National Aeronautics and Space Administration (NASA) is bringing its latest telescope one step closer to launch, the agency announced on January 6. The colossal gadget named Spectro-Photometer for the History of the Universe, Epoch of Reionization and Ices Explorer (SPHEREx) aims to look for evidence of the Big Bang theory and map the resulting pattern of galaxies. SPHEREx is also tasked to search for water and frozen organic molecules in outer space.
“NASA's upcoming space telescope, the Spectro-Photometer for the History of the Universe, Epoch of Reionization and Ices Explorer, or SPHEREx, is one step closer to launch. The mission has officially entered Phase C, in NASA lingo. That means the agency has approved preliminary design plans for the observatory, and work can begin on creating a final, detailed design, as well as on building the hardware and software,” a statement on NASA’s website read.
According to NASA, the subcompact car-sized telescope is set to launch between June 2024 and April 2025, following which it would embark on its two-year-long journey. During its outer space voyage, the telescope would map the entire sky four times using spectroscopy wherein it would break near-infrared light into its individual wavelengths, or colours, just like a prism breaks sunlight into its component colours. The space agency stated that the data from spectroscopy could reveal what an object is composed of as discrete elements reflect light at different wavelengths. It could also help gauge an object’s distance from planet earth. "That's like going from black-and-white images to colour; it's like going from Kansas to Oz," said Allen Farrington, the SPHEREx project manager at JPL.

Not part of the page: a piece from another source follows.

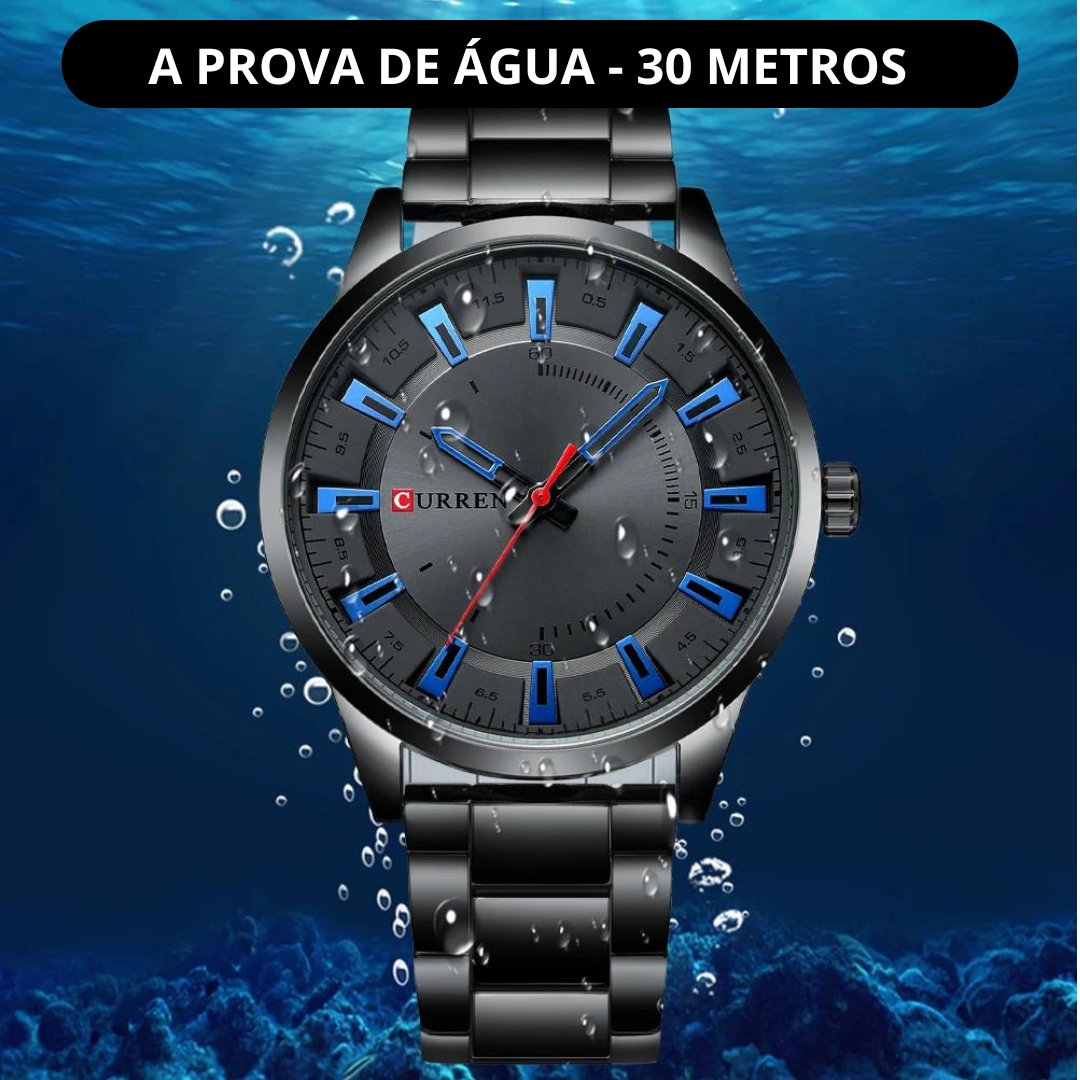 Relógio Masculino Preto CURREN Modelo Black Stealth - Empório Spartacus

The team is working on the development of the space telescope had already completed a “preliminary design review” in October 2020. It was during this period that the team convinced NASA administration that they could turn the dream telescope in a reality. The SPHEREx team is now scheduled to spend 29 months building the mission components before entering the next mission phase, when those components will be brought together, tested, and launched, reads a statement on NASA’s website.